L’accès aux services essentiels continue de se détériorer. L’OCHA relève que seulement 27 % des hôpitaux du pays sont pleinement fonctionnels, un chiffre encore plus bas dans la région métropolitaine de Port-au-Prince. L’accès à l’eau potable est également gravement compromis, avec 23 % des déplacés internes vivant dans des sites informels où l’eau n’est pas traitée. La situation éducative est tout aussi dramatique, avec 900 écoles fermées, privant 150 000 élèves et 4 000 enseignants de toute activité scolaire. À Port-au-Prince, la présence des groupes armés empêche 16 % des enfants d’aller à l’école, une proportion qui grimpe à 43 % dans la commune de Cité Soleil.
La crise migratoire vient aggraver la situation. En 2024, 200 000 Haïtiens ont été expulsés de la République dominicaine, un chiffre qui pourrait atteindre 350 000 en 2025. Ces expulsions massives interviennent alors que les infrastructures nationales sont en ruine et que les conditions de vie des populations vulnérables se détériorent à grande vitesse.

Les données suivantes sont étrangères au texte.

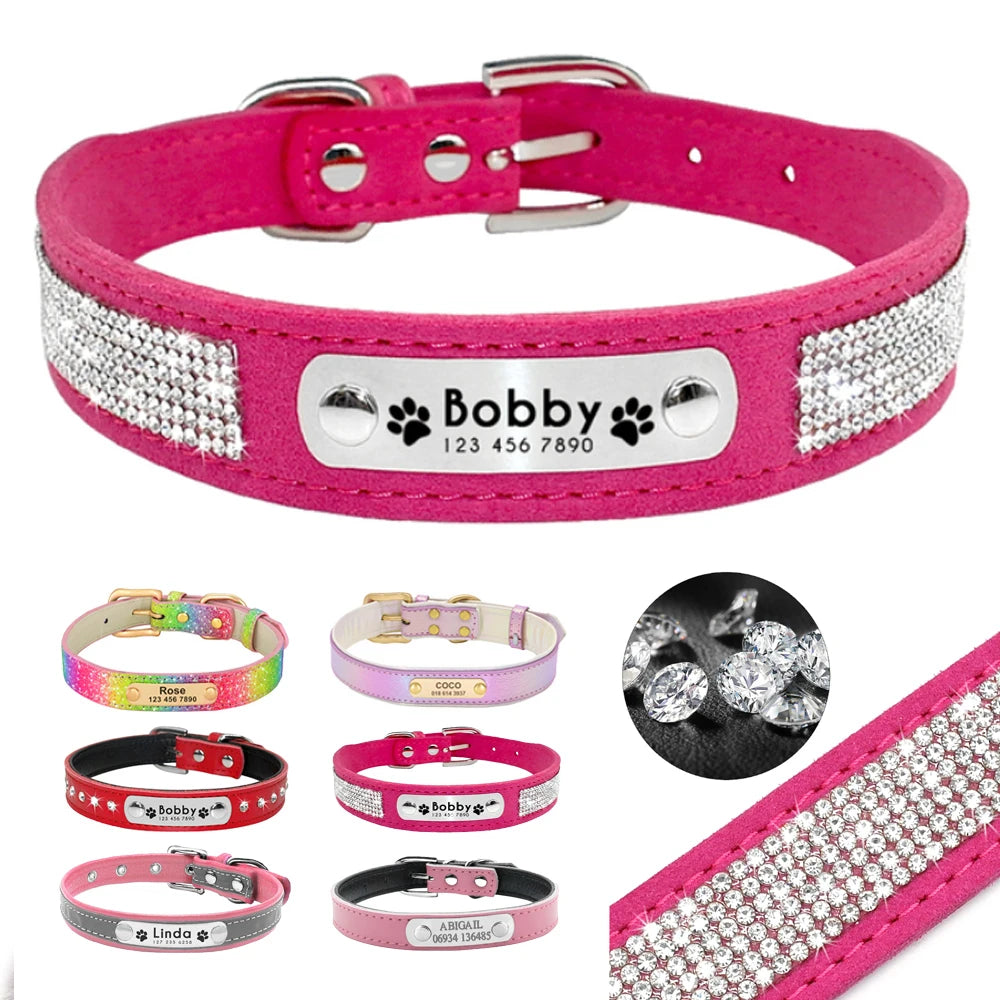 Personalized Dog Cat Collar Adjustable Crystal Rhinestone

Les catastrophes naturelles accentuent encore la précarité. Si Haïti a échappé aux cyclones en 2024, des pluies torrentielles en novembre et décembre ont provoqué des inondations dans six départements, touchant 330 000 personnes. L’OCHA rappelle que le pays reste extrêmement exposé aux aléas climatiques, ce qui complique davantage l’acheminement de l’aide humanitaire.

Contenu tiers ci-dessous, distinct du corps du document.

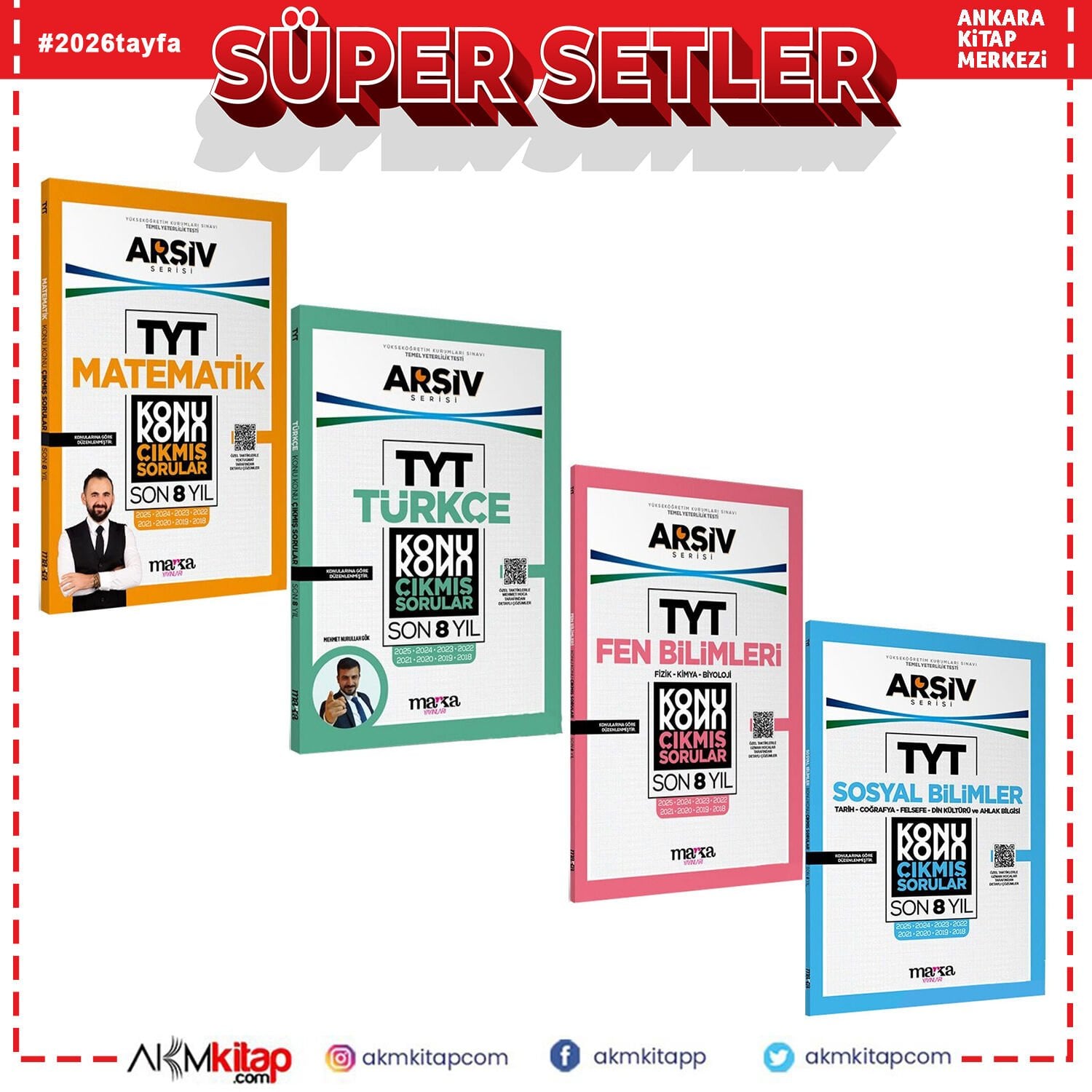 Marka Yayınları TYT Konu Konu Son 8 Yıl Çıkmış Sorular Seti 4 Kitap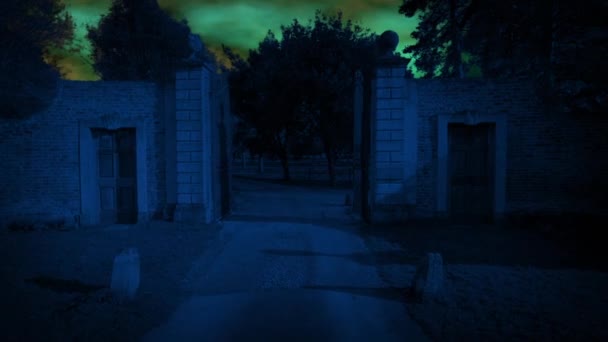 Spookachtige Elektrische Storm Boven Mansion Gates — Stockvideo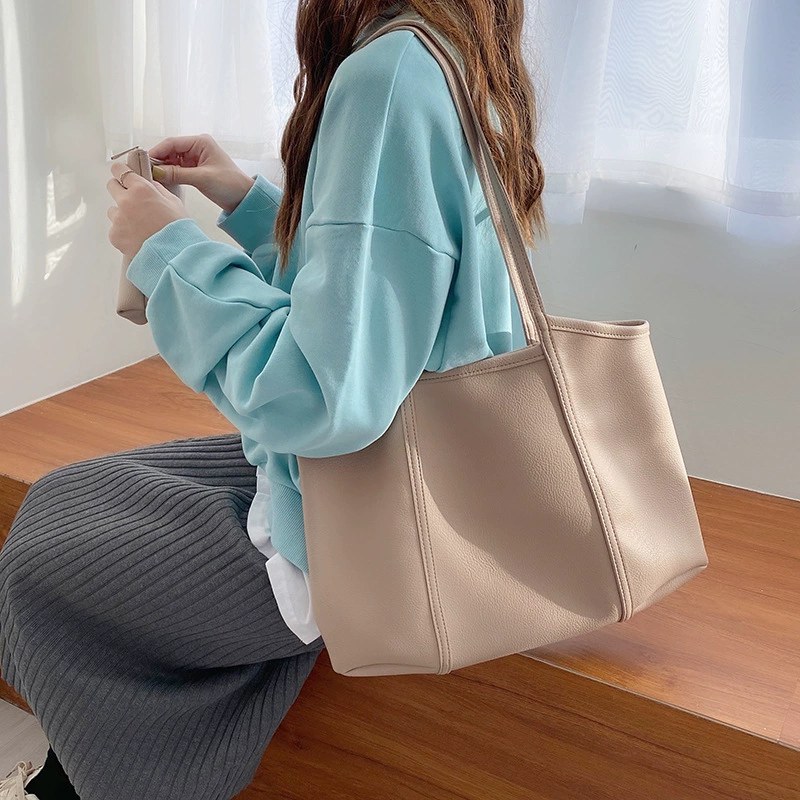 Red PU Leather Tote Bag view 2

Face à cette crise d’une ampleur inédite, l’ONU et ses partenaires ont mis en place un Plan de Réponse Humanitaire 2025 visant à fournir une aide d’urgence à près de quatre millions de personnes. Ce plan s’appuie sur trois axes majeurs : la protection des populations vulnérables, la fourniture d’une aide humanitaire multisectorielle et le renforcement de la résilience communautaire. L’extension du Mécanisme de Réponse Rapide (RRM) à de nouvelles régions, le renforcement des dispositifs de protection contre l’exploitation et les abus sexuels (PEAS) et la création d’un fonds régional de réponse humanitaire font partie des initiatives mises en place pour maximiser l’impact des actions sur le terrain. Un projet d’action anticipatoire pour les tempêtes tropicales et ouragans a également été lancé, avec une enveloppe de 4 millions de dollars prête à être déboursée en cas de catastrophe.
L’OCHA insiste sur l’urgence d’une mobilisation internationale rapide. Les fonds nécessaires pour répondre aux besoins de la population s’élèvent à 908,2 millions de dollars, un montant qui dépasse largement les ressources allouées ces dernières années. Sans un engagement immédiat des bailleurs de fonds, la crise humanitaire en Haïti risque d’atteindre un niveau encore plus dramatique en 2025.